Bisnisia.id, Banda Aceh — Gugatan hukum terhadap Gubernur Aceh oleh 28 kelompok tani dari Kecamatan Babahrot, Aceh Barat Daya, kini memasuki tahap pembuktian di Pengadilan Tata Usaha Negara (TUN) Banda Aceh. Gugatan ini dilayangkan buntut dari penerbitan Izin Usaha Perkebunan Budidaya (IUP-B) seluas 2.600 hektare kepada PT Dua Perkasa Lestari (DPL), yang dinilai mencaplok lahan garapan warga.

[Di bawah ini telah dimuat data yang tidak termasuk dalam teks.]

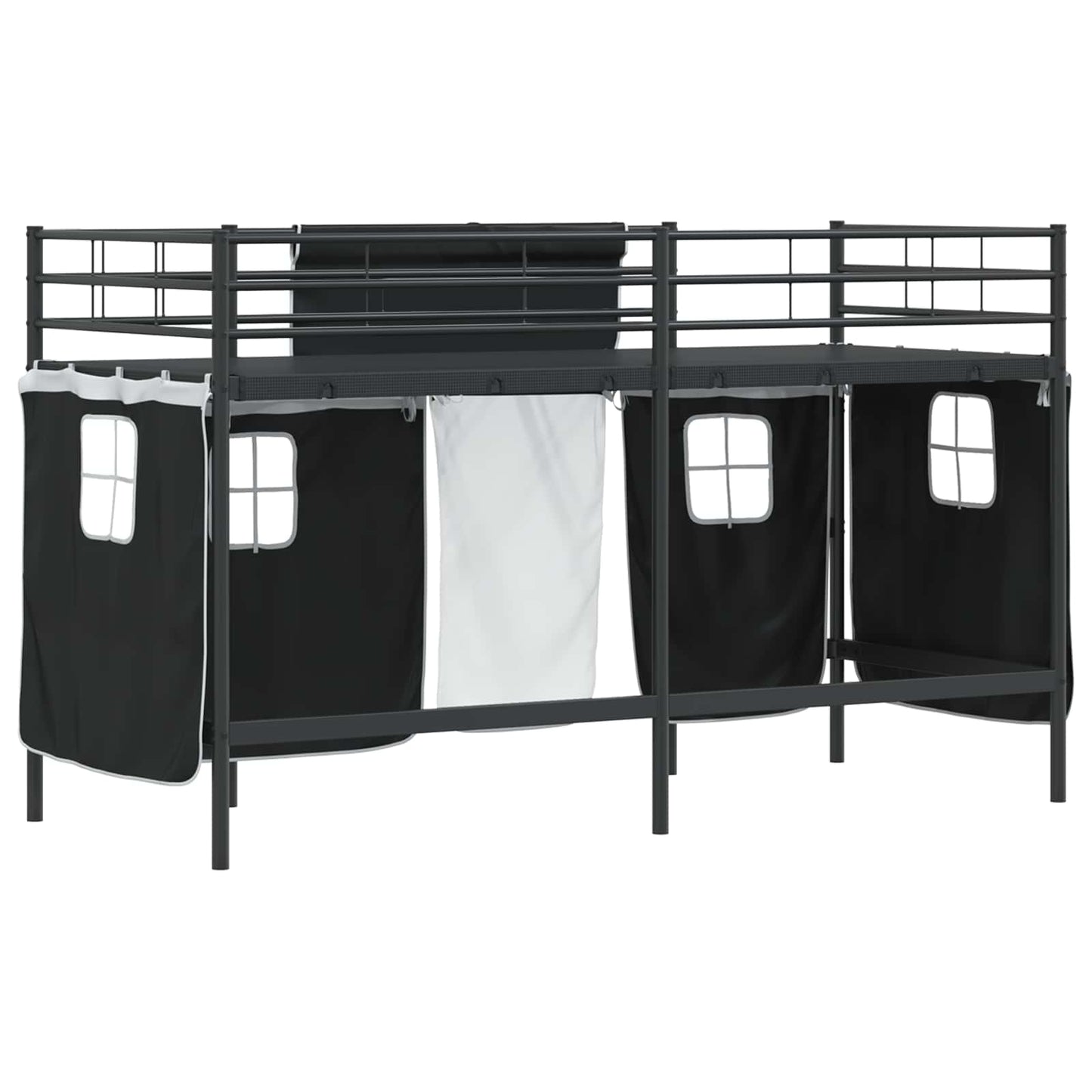 Kids'Loft Bed Frame with Curtains Black 100 x 190 cm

Dalam sidang yang berlangsung Selasa (7/5), kelompok tani menghadirkan saksi untuk memperkuat gugatan mereka. Sebelumnya, sebanyak 79 dokumen bukti telah diserahkan kepada majelis hakim. Sidang juga turut dihadiri hampir seratus warga, termasuk perempuan, yang datang memberi dukungan moral.
Lahan yang disengketakan berada di Desa Pante Cermin, Kecamatan Babahrot. Para anggota kelompok tani mengklaim telah mengelola wilayah itu secara turun-temurun. Namun sejak izin diterbitkan atas nama PT DPL, mereka kehilangan akses terhadap lahan tersebut. Bahkan, kebun sawit warga yang ditanam dengan bibit bantuan pemerintah pusat pun disebut telah ditebang pihak perusahaan tanpa ganti rugi maupun konsultasi.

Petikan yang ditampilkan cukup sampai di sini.